## Task brief
Give back exactly the lines of the entries below from the line with "9782909_web1_VNE-HanukkahCrowd" to the line with "APARTAMENTO DUPLEX con", inclusive, and only those.

=== Data extract ===

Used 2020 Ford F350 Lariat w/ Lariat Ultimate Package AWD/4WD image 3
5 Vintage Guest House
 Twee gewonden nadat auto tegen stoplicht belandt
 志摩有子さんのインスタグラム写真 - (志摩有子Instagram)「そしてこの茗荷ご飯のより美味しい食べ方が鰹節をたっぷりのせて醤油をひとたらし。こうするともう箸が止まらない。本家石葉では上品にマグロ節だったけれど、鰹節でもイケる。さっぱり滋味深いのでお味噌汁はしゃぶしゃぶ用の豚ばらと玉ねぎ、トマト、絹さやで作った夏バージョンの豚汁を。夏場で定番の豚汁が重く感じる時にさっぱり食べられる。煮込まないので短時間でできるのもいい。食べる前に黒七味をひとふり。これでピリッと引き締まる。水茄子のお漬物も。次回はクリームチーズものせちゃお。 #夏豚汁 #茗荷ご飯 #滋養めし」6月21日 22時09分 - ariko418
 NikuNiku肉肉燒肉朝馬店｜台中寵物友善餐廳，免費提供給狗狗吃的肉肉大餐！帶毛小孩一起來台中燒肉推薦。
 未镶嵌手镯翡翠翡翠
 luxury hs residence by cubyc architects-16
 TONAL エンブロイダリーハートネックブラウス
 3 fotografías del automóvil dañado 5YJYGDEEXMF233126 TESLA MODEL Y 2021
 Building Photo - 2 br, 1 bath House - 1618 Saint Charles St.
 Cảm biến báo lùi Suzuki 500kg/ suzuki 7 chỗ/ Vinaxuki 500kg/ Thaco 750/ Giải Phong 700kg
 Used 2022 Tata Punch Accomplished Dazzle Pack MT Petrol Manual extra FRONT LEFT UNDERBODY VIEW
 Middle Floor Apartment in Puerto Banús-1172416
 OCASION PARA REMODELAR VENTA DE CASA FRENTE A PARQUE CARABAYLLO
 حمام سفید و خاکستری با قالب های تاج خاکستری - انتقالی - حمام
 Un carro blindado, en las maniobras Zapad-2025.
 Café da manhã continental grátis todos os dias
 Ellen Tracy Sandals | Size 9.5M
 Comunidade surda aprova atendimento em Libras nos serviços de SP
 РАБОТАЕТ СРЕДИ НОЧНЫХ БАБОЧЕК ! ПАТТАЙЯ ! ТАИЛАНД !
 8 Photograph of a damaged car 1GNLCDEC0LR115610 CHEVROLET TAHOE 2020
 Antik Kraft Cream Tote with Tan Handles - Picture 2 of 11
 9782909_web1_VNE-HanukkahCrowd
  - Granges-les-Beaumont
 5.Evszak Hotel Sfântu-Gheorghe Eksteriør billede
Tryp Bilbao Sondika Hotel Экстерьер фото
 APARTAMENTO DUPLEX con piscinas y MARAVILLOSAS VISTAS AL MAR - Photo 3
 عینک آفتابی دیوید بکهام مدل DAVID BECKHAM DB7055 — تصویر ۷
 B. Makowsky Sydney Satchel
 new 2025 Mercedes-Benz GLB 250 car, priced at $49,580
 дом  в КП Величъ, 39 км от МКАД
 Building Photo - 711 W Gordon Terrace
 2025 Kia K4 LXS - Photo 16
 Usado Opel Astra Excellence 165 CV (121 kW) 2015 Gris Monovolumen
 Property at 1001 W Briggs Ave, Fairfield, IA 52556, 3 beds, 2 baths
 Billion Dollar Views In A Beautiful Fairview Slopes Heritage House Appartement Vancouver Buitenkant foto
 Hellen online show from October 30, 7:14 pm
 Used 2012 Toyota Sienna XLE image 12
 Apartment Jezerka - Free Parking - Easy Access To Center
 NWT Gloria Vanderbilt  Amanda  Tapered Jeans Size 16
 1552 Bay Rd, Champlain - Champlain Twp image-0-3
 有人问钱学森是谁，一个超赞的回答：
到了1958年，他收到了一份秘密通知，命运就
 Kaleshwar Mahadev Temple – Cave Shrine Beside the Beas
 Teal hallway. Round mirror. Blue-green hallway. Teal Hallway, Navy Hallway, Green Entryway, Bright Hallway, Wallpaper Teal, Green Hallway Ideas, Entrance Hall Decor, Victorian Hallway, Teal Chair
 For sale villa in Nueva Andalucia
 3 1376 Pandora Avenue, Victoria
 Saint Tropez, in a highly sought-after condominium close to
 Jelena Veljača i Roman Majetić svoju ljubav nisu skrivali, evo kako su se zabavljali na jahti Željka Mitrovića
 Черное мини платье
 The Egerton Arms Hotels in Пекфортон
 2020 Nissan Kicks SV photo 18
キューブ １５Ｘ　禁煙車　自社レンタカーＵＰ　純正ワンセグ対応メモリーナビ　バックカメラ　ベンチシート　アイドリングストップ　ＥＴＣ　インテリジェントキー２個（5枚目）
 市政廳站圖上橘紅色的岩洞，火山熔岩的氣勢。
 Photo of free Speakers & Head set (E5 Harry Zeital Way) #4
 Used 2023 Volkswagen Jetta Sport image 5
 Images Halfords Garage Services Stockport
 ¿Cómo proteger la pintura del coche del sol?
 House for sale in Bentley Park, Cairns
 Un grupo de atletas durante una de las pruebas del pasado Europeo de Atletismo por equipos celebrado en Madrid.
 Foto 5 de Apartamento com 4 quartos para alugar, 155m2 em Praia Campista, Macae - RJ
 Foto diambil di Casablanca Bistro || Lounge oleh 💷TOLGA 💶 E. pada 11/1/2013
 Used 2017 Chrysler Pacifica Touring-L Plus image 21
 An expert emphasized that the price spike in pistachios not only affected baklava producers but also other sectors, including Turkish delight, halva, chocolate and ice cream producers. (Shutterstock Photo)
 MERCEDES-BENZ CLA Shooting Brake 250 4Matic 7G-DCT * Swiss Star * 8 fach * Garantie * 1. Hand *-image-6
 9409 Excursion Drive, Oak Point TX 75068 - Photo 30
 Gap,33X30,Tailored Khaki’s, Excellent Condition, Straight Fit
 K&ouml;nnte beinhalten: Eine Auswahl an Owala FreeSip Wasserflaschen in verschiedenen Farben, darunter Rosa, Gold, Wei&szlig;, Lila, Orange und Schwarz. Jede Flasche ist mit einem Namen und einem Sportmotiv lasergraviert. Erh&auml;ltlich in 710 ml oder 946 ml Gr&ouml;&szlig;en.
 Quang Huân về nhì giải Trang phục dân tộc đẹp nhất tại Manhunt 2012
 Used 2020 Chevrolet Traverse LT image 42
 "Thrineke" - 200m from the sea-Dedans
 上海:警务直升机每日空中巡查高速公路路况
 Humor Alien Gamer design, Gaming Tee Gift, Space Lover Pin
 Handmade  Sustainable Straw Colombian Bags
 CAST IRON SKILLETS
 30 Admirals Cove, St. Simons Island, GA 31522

===

## Written reply
 9782909_web1_VNE-HanukkahCrowd
  - Granges-les-Beaumont
 5.Evszak Hotel Sfântu-Gheorghe Eksteriør billede
Tryp Bilbao Sondika Hotel Экстерьер фото
 APARTAMENTO DUPLEX con piscinas y MARAVILLOSAS VISTAS AL MAR - Photo 3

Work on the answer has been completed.